**EXERCISE DIRECTIONS**
Work out how many lines below hold the string "with" and state only that figure.

** EXERCISE DATA follows **

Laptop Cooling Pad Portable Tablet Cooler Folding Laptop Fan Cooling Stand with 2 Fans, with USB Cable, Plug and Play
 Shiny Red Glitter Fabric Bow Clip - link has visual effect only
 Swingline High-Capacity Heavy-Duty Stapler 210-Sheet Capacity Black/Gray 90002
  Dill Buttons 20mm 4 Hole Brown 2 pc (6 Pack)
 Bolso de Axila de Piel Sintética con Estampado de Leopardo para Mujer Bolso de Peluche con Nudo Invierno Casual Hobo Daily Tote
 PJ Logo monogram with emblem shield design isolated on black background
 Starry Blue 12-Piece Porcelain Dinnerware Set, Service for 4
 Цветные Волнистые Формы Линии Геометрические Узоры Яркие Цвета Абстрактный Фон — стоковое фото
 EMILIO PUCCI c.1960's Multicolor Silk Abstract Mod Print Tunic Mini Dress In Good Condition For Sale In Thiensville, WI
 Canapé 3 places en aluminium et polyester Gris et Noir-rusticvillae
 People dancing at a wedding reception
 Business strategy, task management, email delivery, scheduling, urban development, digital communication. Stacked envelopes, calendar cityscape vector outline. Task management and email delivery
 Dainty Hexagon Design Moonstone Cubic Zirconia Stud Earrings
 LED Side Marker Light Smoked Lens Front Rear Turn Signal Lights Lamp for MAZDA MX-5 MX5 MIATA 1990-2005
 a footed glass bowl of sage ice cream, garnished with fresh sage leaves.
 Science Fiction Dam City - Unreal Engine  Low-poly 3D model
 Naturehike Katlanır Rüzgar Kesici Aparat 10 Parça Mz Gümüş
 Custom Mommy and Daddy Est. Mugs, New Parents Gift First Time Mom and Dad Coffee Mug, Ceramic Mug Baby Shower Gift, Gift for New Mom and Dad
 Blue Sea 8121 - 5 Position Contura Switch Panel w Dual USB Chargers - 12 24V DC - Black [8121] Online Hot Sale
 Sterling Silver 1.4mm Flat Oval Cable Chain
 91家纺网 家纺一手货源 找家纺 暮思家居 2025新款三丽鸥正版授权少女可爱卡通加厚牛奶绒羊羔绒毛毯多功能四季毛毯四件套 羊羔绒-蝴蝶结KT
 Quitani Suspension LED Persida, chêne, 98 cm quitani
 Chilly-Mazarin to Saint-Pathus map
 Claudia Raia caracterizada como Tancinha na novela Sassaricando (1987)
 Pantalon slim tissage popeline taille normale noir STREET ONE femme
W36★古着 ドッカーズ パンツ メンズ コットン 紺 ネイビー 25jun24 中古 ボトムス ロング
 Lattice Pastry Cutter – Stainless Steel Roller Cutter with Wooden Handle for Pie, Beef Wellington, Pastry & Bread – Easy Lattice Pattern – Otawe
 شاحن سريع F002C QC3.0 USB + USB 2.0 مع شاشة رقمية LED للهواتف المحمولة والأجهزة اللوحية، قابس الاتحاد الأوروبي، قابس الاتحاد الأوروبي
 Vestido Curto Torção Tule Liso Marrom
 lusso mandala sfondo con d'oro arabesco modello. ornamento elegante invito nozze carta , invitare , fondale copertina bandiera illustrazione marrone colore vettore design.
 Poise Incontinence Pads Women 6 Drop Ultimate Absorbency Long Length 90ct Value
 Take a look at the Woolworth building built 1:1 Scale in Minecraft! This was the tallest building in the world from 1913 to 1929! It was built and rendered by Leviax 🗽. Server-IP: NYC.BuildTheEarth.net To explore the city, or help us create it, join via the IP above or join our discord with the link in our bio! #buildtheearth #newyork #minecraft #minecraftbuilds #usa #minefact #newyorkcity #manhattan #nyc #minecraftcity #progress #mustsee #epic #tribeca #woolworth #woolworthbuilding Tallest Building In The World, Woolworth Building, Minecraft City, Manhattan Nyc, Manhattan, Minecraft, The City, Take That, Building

** End of EXERCISE DATA **

**WRITTEN ANSWER**
5